====== The data ======
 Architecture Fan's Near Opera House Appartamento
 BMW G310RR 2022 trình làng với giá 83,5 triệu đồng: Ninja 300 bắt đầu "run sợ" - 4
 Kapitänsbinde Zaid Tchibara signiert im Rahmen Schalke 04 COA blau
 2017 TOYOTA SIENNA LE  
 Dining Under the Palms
======
====== The data ======
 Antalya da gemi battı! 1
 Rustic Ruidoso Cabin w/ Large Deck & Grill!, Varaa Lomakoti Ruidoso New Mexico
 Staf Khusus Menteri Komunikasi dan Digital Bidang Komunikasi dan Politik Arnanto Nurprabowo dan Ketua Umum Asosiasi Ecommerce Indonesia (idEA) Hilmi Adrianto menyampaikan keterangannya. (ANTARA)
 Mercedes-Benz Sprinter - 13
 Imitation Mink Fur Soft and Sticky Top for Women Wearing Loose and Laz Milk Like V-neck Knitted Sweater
======
→ **What to work on**:
Look above for the line with "Architecture Fan's Near" and the line with "Dining Under the Palms". Retype those two lines and every line between them exactly, adding nothing.

→ **Completed task**:
 Architecture Fan's Near Opera House Appartamento
 BMW G310RR 2022 trình làng với giá 83,5 triệu đồng: Ninja 300 bắt đầu "run sợ" - 4
 Kapitänsbinde Zaid Tchibara signiert im Rahmen Schalke 04 COA blau
 2017 TOYOTA SIENNA LE  
 Dining Under the Palms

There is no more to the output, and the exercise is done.